Mailey was a leg-spinner who spun the ball prodigiously but could be expensive. He had made his first-class debut in 1912/13 but WWI then delayed his Test debut until he was aged 34.

Against England in 1920/21 in his first series, he took 36 wickets at 26.27 despite not bowling in one game.

His figures included 5/160 and 5/142 in Adelaide and 4/115 and 9/121 at the MCG. At The Oval in 1926 in his final match, he took 6/138 and 3/128.

11. Hugh Tayfield (South Africa, born 30 January 1929)
37 Tests, 1949-1960, 170 wickets at 25.91

Tayfield was an economical off-spinner and is his nation’s finest-ever slow bowler. Only four bowlers have reached 150 wickets in fewer games. He was extremely difficult to score off, with a career economy rate of 1.94 runs per over. He married and then divorced five times.

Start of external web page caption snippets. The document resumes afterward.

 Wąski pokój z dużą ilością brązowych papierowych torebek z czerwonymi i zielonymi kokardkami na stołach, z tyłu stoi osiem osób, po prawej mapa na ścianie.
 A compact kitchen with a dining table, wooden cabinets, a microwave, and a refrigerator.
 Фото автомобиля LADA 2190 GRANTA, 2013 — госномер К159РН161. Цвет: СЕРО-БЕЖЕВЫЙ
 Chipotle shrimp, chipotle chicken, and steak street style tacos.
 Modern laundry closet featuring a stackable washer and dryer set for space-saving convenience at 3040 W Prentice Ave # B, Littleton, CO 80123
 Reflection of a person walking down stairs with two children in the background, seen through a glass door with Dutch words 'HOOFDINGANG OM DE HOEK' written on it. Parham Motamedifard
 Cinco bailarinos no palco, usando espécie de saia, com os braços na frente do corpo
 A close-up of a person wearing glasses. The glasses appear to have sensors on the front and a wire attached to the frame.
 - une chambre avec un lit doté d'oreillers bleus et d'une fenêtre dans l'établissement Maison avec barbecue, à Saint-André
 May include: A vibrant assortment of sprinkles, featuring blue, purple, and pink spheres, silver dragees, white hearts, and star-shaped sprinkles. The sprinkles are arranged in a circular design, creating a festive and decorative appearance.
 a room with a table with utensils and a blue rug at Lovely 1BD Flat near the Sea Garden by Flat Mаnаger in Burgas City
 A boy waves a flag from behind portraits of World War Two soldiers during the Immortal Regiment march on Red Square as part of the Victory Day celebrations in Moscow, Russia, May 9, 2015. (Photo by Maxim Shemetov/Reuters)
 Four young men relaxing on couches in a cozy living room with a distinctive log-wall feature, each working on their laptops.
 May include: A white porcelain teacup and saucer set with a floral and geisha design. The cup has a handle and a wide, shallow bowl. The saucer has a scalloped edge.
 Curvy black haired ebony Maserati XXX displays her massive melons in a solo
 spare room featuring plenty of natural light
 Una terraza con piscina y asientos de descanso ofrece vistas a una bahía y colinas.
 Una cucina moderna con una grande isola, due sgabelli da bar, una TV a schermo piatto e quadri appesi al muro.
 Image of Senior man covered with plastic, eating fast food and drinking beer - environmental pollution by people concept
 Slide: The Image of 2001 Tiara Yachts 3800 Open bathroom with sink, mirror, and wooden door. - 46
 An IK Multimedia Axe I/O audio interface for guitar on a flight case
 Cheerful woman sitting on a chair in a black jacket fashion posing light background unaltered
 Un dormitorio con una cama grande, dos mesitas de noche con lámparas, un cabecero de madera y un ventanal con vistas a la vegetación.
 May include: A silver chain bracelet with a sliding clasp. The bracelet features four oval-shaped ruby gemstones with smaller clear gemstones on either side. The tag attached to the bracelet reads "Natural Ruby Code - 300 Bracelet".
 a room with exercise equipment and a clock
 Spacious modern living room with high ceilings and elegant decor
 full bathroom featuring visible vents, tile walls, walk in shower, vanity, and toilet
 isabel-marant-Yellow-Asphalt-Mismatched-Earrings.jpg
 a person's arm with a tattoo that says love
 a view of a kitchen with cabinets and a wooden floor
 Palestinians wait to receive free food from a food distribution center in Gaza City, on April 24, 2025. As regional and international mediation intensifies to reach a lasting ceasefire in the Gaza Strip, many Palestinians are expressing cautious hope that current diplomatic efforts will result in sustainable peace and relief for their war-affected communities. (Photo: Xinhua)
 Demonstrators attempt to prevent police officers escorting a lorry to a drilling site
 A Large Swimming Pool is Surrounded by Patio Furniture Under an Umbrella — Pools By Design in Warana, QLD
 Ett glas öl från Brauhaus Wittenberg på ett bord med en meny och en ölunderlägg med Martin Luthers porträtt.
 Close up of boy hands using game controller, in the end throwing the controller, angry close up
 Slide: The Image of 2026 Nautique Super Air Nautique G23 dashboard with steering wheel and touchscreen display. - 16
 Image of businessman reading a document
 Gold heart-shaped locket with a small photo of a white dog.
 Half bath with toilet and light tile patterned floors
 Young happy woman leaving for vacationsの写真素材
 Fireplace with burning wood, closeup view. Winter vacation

Cricinfo named him in its all-time South Africa XI in 2010. Recently it also ranked his hauls of 7/23 against Australia in Durban in 1949/50, and 9/113 against England in Johannesburg in 1956/57, among the best 100 bowling performances of all time.

In Australia in 1952/53, he claimed 30 wickets at 28.10, including a match-winning 6/84 and 7/81 at the MCG. At home to England in 1956/57, he took 37 wickets at 17.18, and in the Test in Durban bowled 137 consecutive dot-balls.

Honourable mentions – Herbie Collins, Josh Hazlewood, Ted McDonald, Tim May and Mitchell Starc (Aus); Frank Foster, Dean Headley, Alfred Mynn, Olly Pope, Herbert Strudwick and Johnny Wardle (Eng); Cheteshwar Pujara (Ind); Dick Motz, Adam Parore and Daniel Vettori (NZ); Kamran Akmal (Pak); Rumesh Ratnayeke and Chaminda Vaas (SL); Richie Richardson, Lawrence Rowe (WI).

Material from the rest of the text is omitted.